**** Materials provided ****
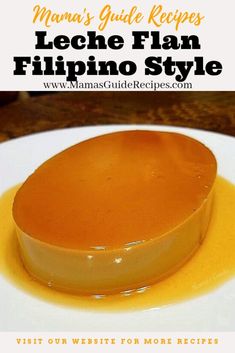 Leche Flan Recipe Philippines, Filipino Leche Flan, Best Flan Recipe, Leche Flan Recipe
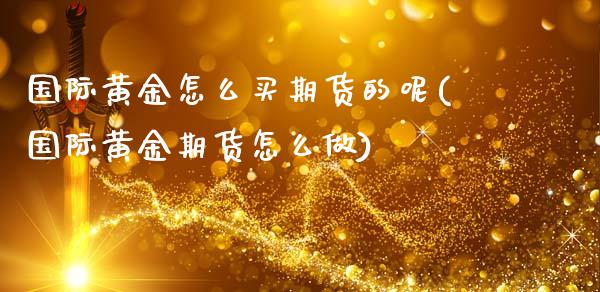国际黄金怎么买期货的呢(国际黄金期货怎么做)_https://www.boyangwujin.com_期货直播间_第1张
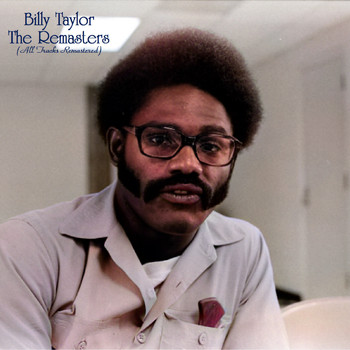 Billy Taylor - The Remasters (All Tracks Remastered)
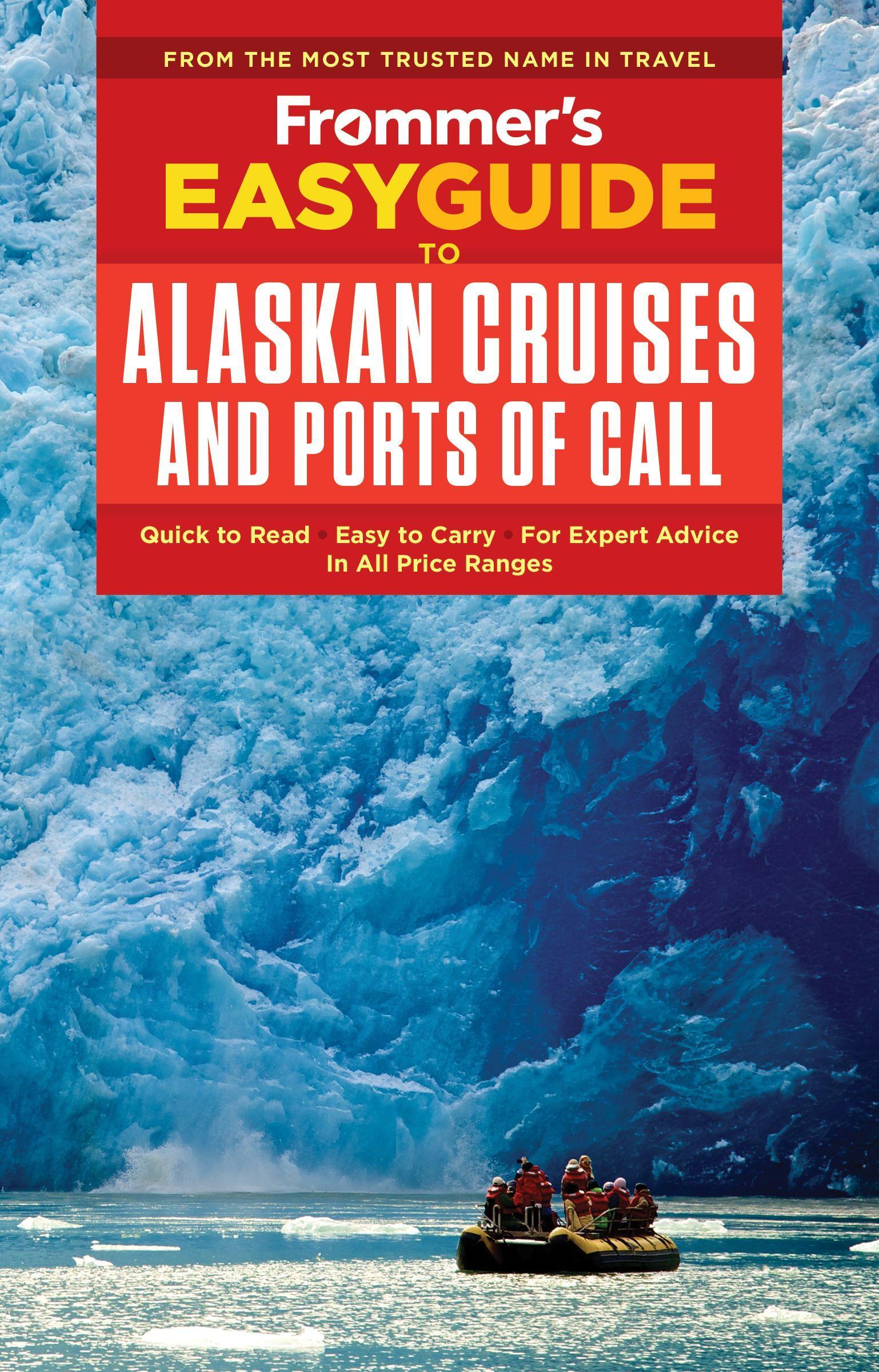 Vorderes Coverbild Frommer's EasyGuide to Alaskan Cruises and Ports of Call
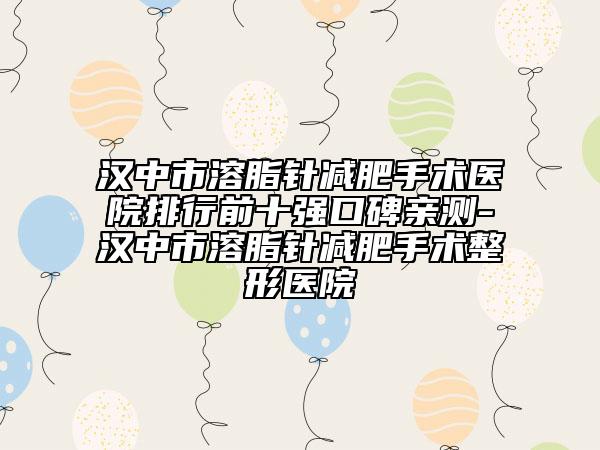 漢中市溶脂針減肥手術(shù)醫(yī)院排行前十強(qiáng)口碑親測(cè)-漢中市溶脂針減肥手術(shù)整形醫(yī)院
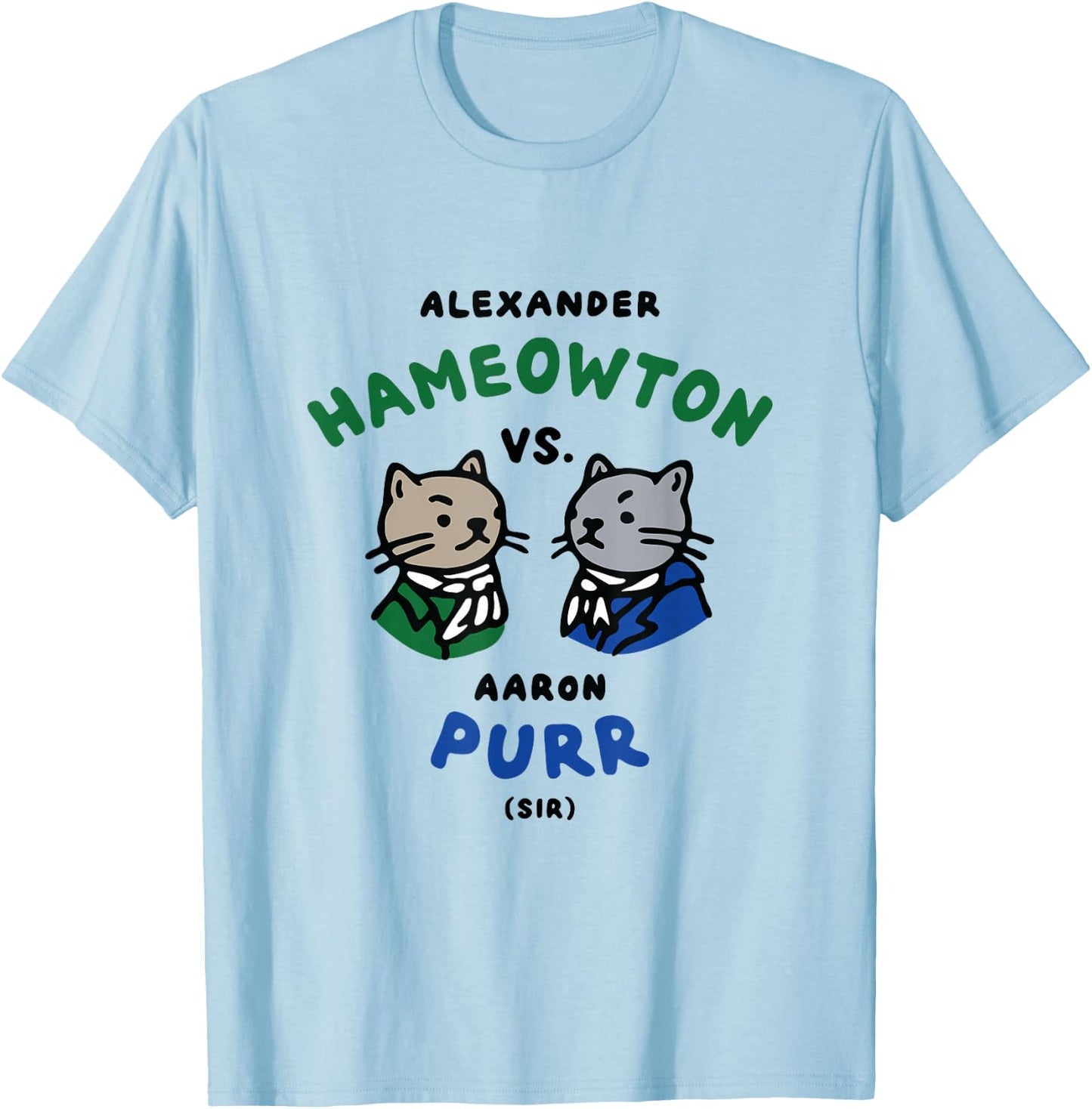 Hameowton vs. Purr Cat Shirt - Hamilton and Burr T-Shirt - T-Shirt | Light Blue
****
- **What you should do**
The line containing "Vorderes Coverbild Frommer's" marks the end: copy exactly every line from the start of the records up to and including it, leaving out the pictures.

- **Problem solution**
 Leche Flan Recipe Philippines, Filipino Leche Flan, Best Flan Recipe, Leche Flan Recipe
国际黄金怎么买期货的呢(国际黄金期货怎么做)_https://www.boyangwujin.com_期货直播间_第1张
 Billy Taylor - The Remasters (All Tracks Remastered)
 Vorderes Coverbild Frommer's EasyGuide to Alaskan Cruises and Ports of Call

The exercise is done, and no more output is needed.